- Work request
Practice item. Set the material below down again exactly, with no pictures.

- Collected material

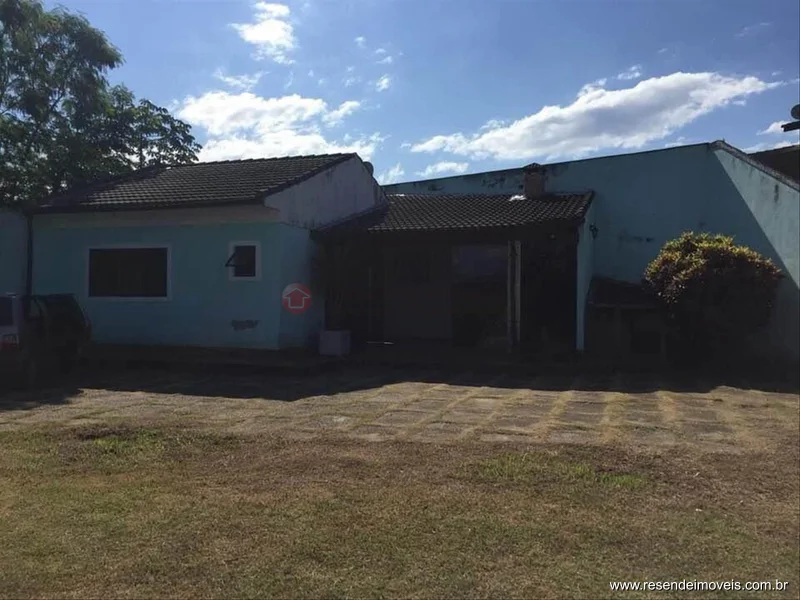 Foto 3 de 22 - Casa para venda em Morada da Colina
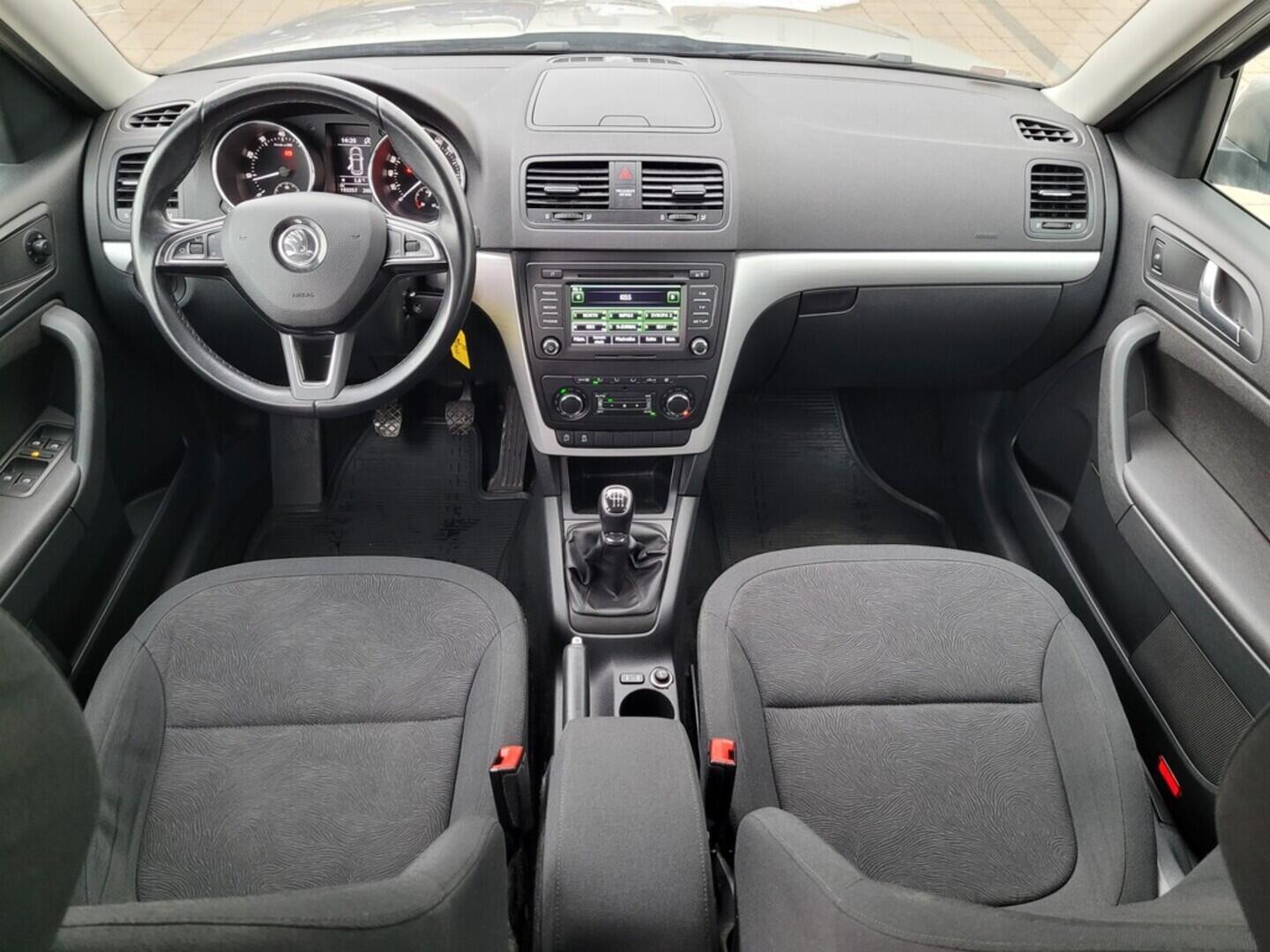 O619V07658_18.webp_YETI Ambition 1.4 TSI 90 kW manuál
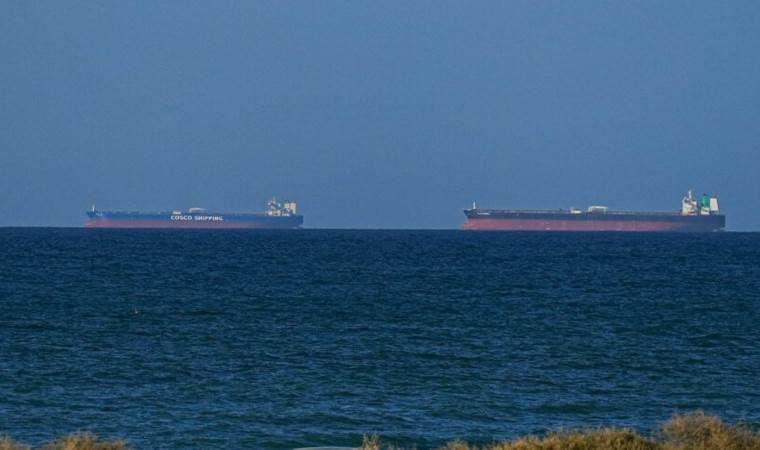 Qatar says solution to Strait of Hormuz crisis 'must be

- Answer
 Foto 3 de 22 - Casa para venda em Morada da Colina
 O619V07658_18.webp_YETI Ambition 1.4 TSI 90 kW manuál
 Qatar says solution to Strait of Hormuz crisis 'must be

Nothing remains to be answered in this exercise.